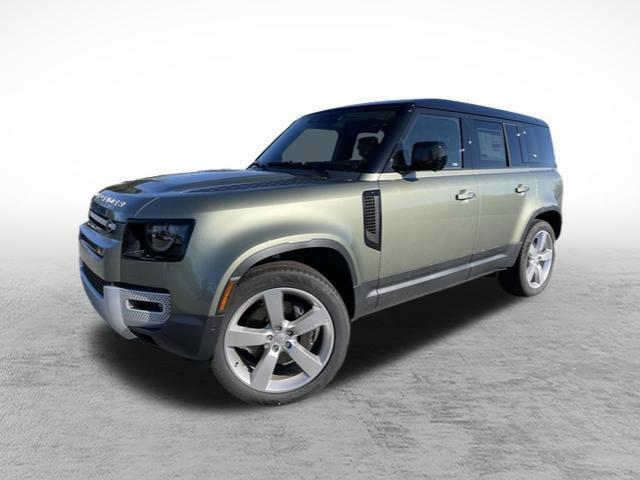 new 2024 Land Rover Defender car, priced at $108,743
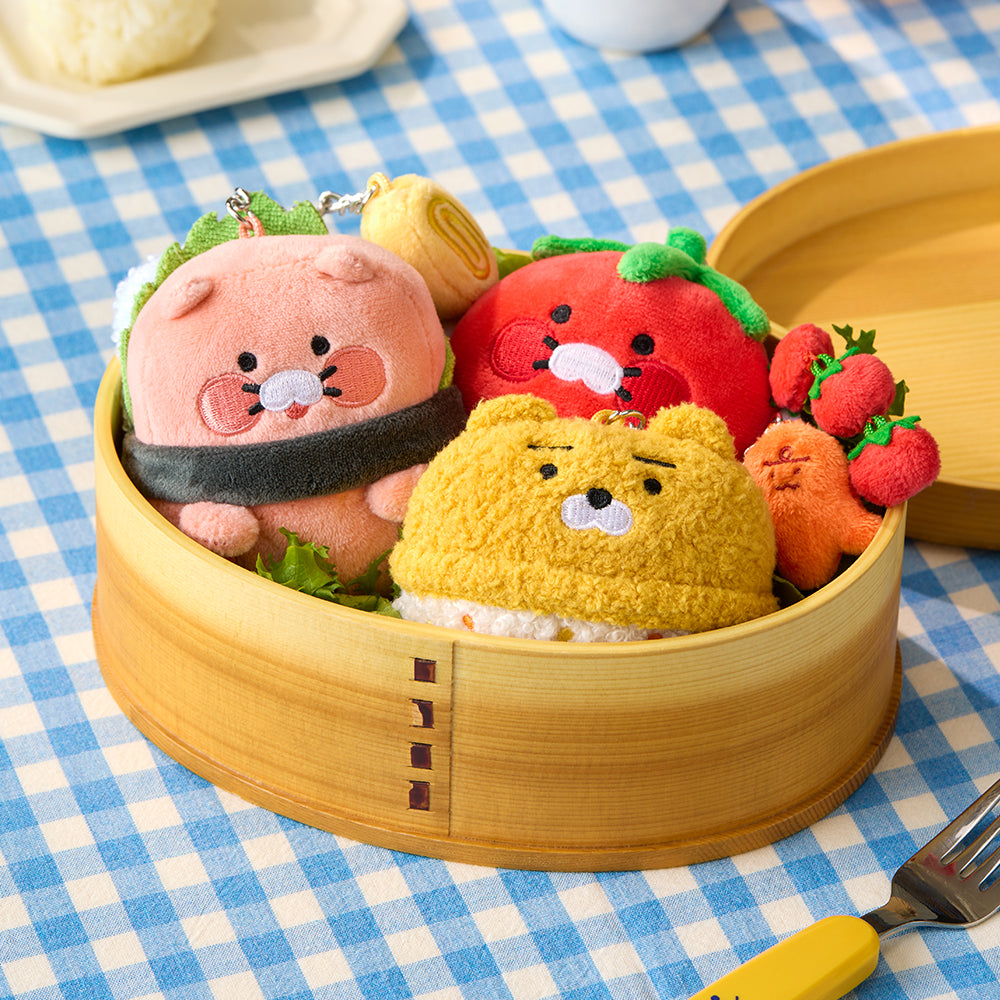 Peluche Porte-cles Friends - Kakao Friends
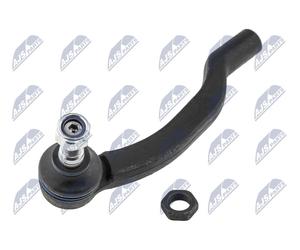 NTY SKZ-FT-001 Testa barra d'accoppiamento per CITROËN,FIAT,PEUGEOT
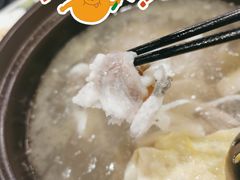 -烹然四季椰子鸡火锅(团结湖总店)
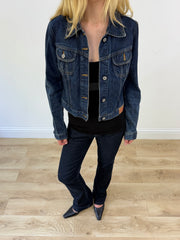 medium guess denim jacket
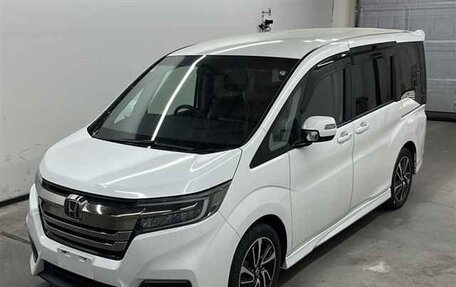 Honda Stepwgn IV, 2021 год, 2 750 000 рублей, 26 фотография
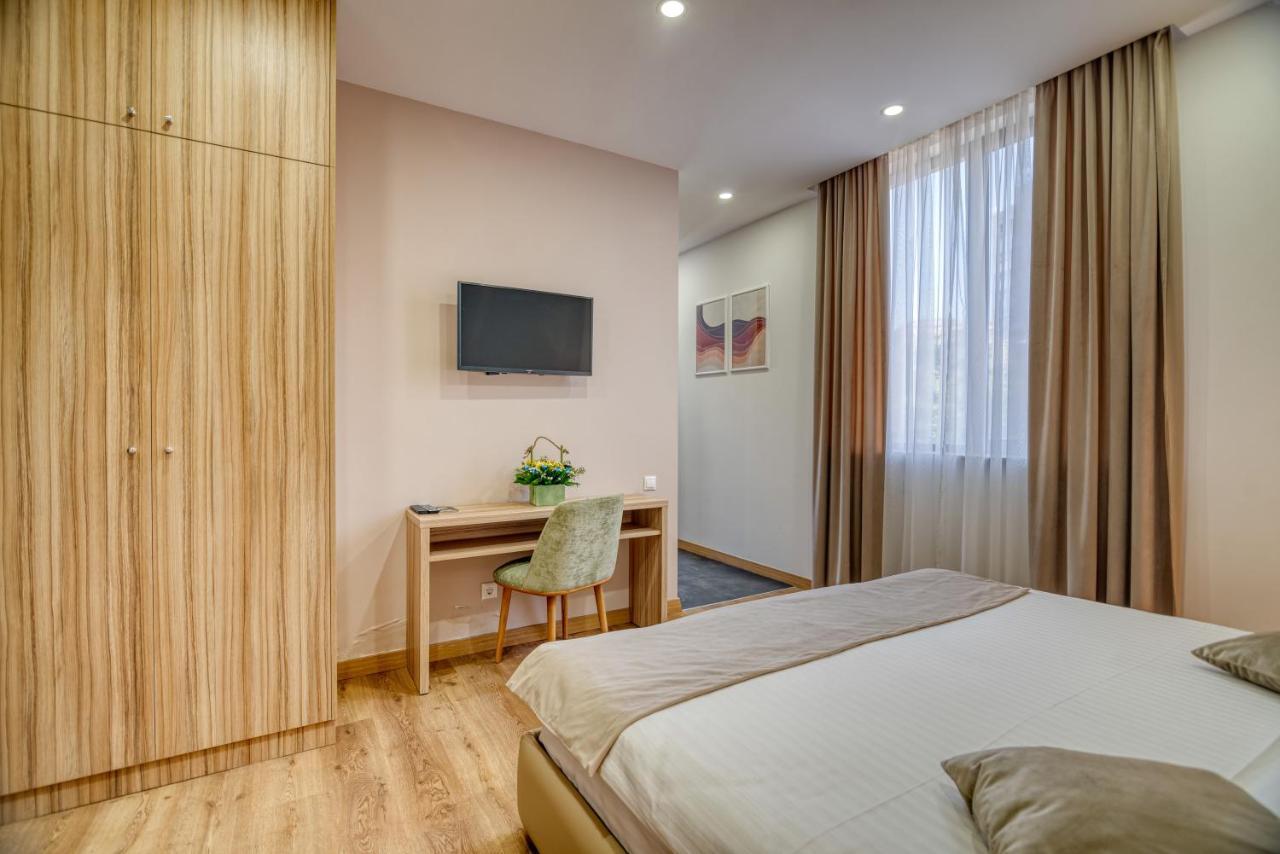 Orbeli Hotel Ереван Экстерьер фото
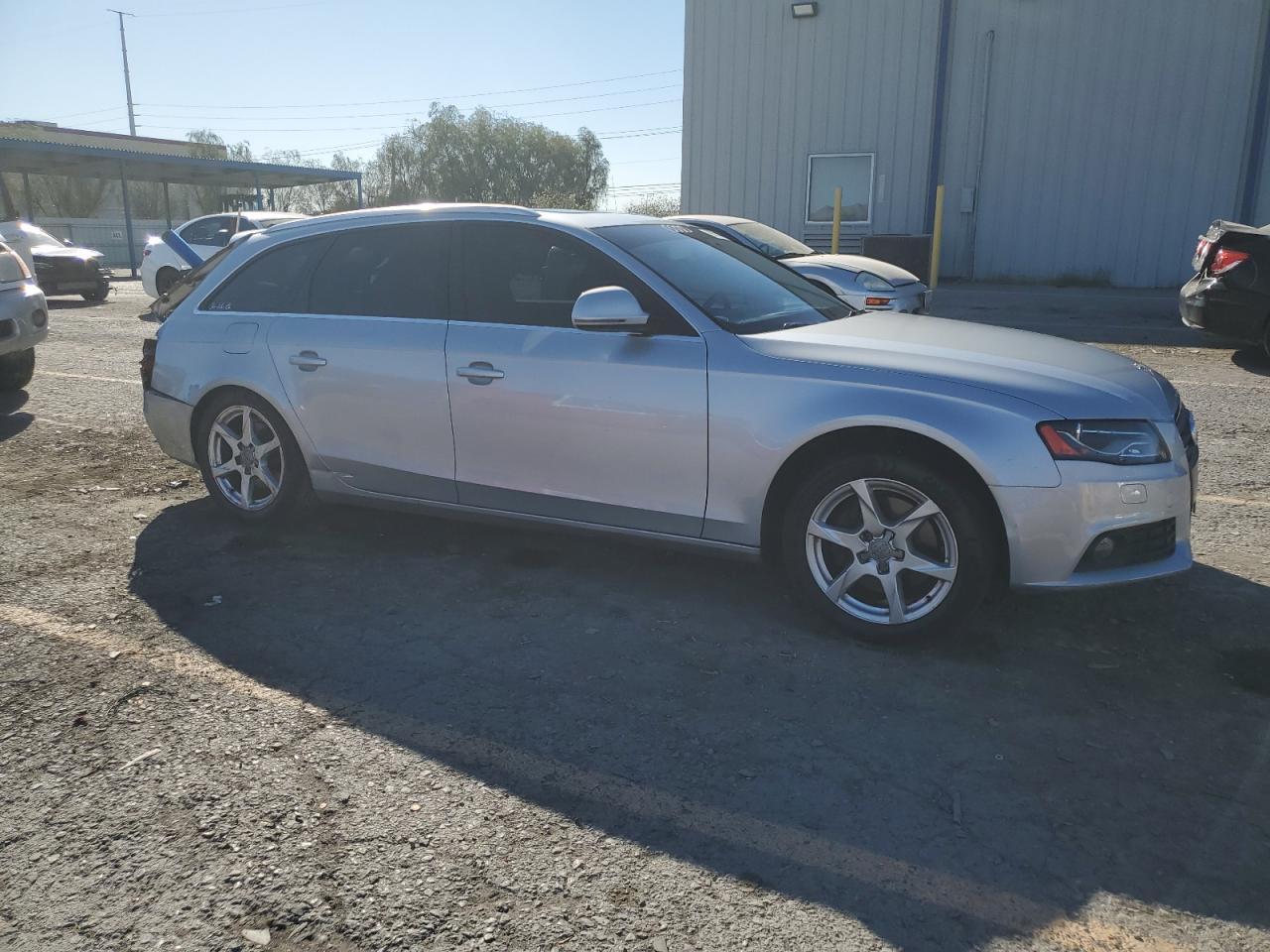 2009 Audi A4 2.0T Avant Quattro - Image 4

§ **TASK DIRECTIONS**: Any images must be dropped; all other material is to be printed exactly.

§ **RESPONSE TO THE EXERCISE**:
 new 2024 Land Rover Defender car, priced at $108,743
 Peluche Porte-cles Friends - Kakao Friends
 NTY SKZ-FT-001 Testa barra d'accoppiamento per CITROËN,FIAT,PEUGEOT
 -烹然四季椰子鸡火锅(团结湖总店)
 medium guess denim jacket
 Honda Stepwgn IV, 2021 год, 2 750 000 рублей, 26 фотография
 Orbeli Hotel Ереван Экстерьер фото
 2009 Audi A4 2.0T Avant Quattro - Image 4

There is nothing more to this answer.